• Task goal:
From first line to last, transcribe the listing exactly and skip any image.

• Excerpted records:
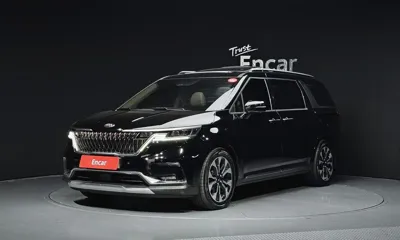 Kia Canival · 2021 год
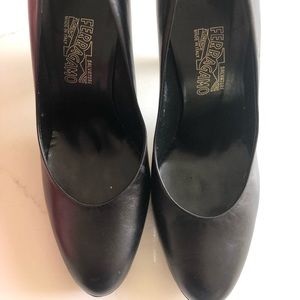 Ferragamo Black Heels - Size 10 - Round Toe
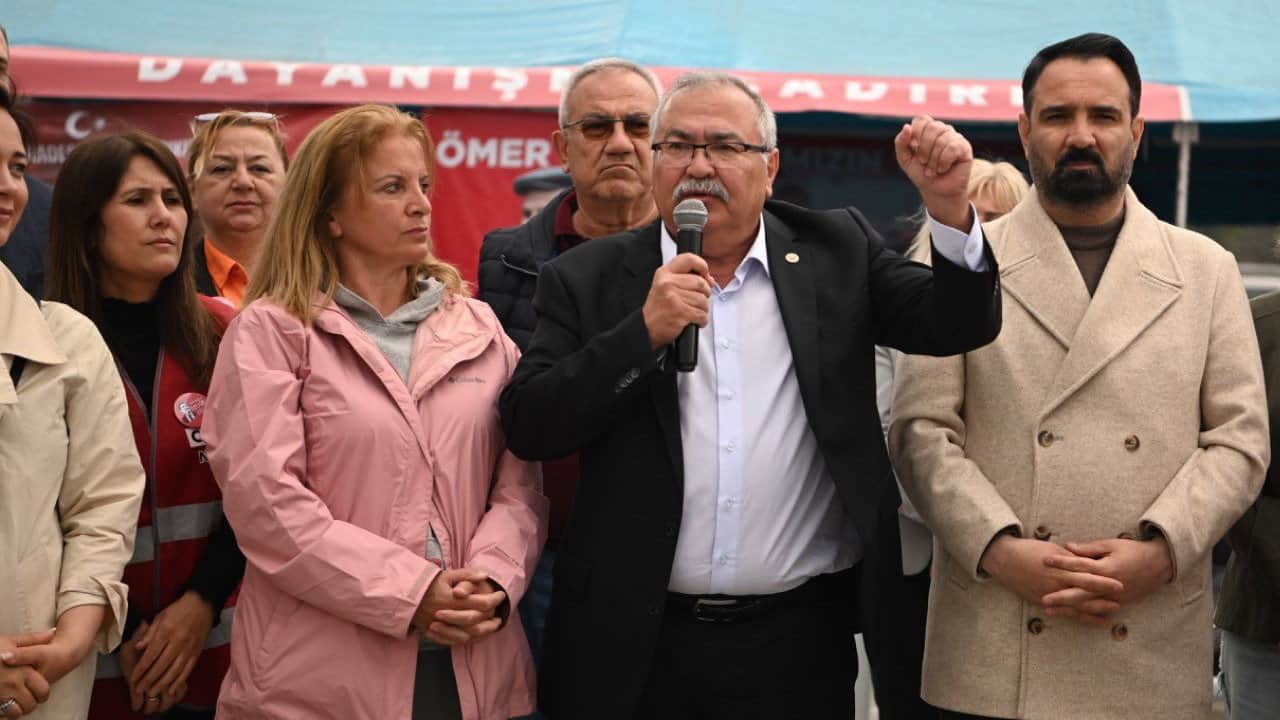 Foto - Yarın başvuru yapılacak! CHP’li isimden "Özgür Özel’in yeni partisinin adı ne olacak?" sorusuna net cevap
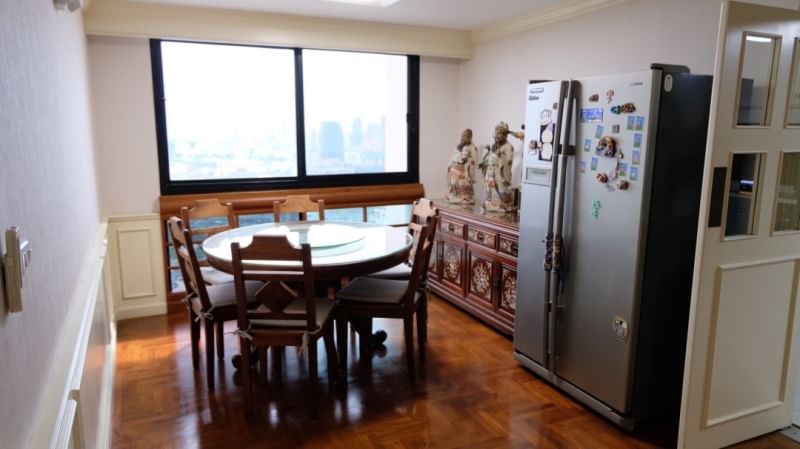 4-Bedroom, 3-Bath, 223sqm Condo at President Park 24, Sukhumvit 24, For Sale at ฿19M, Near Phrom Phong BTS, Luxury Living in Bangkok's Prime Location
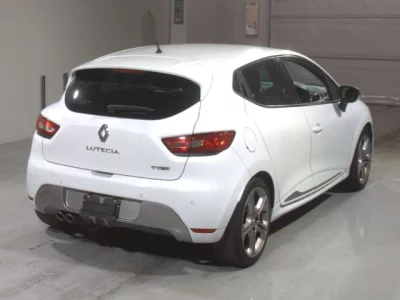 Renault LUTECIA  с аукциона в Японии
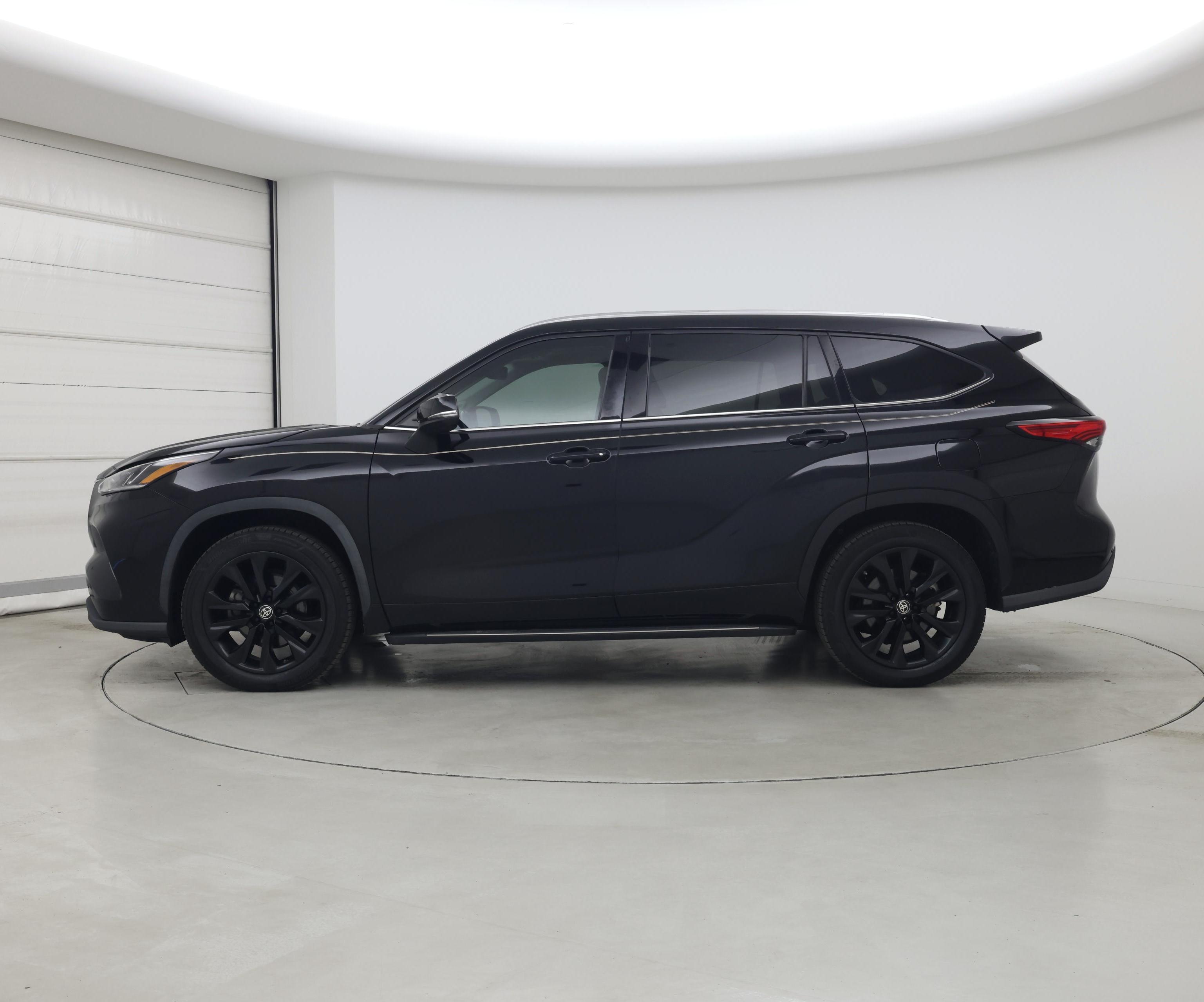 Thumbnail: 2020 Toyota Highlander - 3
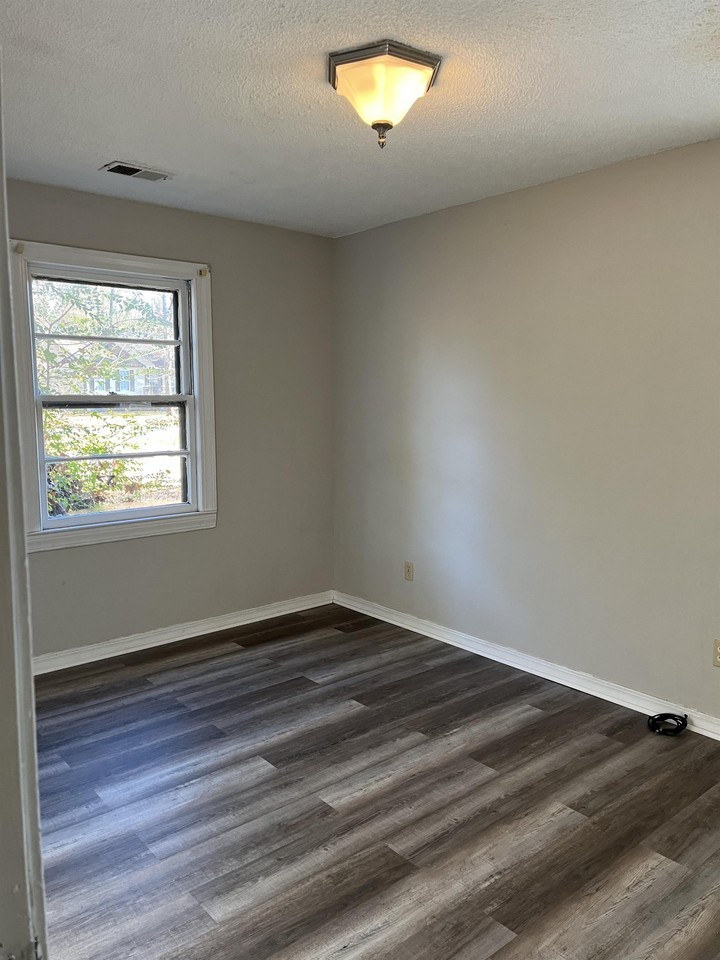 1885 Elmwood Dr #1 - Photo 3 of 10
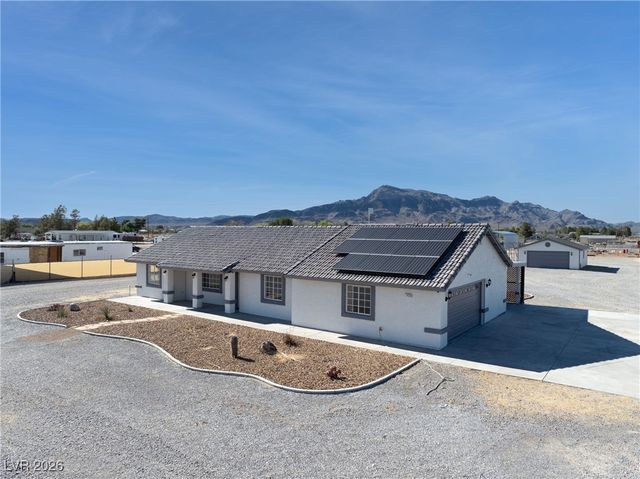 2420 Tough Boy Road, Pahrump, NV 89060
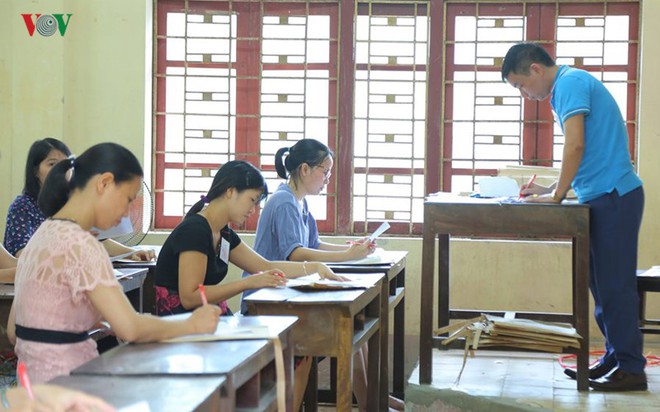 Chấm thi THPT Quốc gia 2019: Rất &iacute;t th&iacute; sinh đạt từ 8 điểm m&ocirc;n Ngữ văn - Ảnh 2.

• Result of the task:
 Kia Canival · 2021 год
 Ferragamo Black Heels - Size 10 - Round Toe
 Foto - Yarın başvuru yapılacak! CHP’li isimden "Özgür Özel’in yeni partisinin adı ne olacak?" sorusuna net cevap
 4-Bedroom, 3-Bath, 223sqm Condo at President Park 24, Sukhumvit 24, For Sale at ฿19M, Near Phrom Phong BTS, Luxury Living in Bangkok's Prime Location
 Renault LUTECIA  с аукциона в Японии
 Thumbnail: 2020 Toyota Highlander - 3
 1885 Elmwood Dr #1 - Photo 3 of 10
 2420 Tough Boy Road, Pahrump, NV 89060
 Chấm thi THPT Quốc gia 2019: Rất &iacute;t th&iacute; sinh đạt từ 8 điểm m&ocirc;n Ngữ văn - Ảnh 2.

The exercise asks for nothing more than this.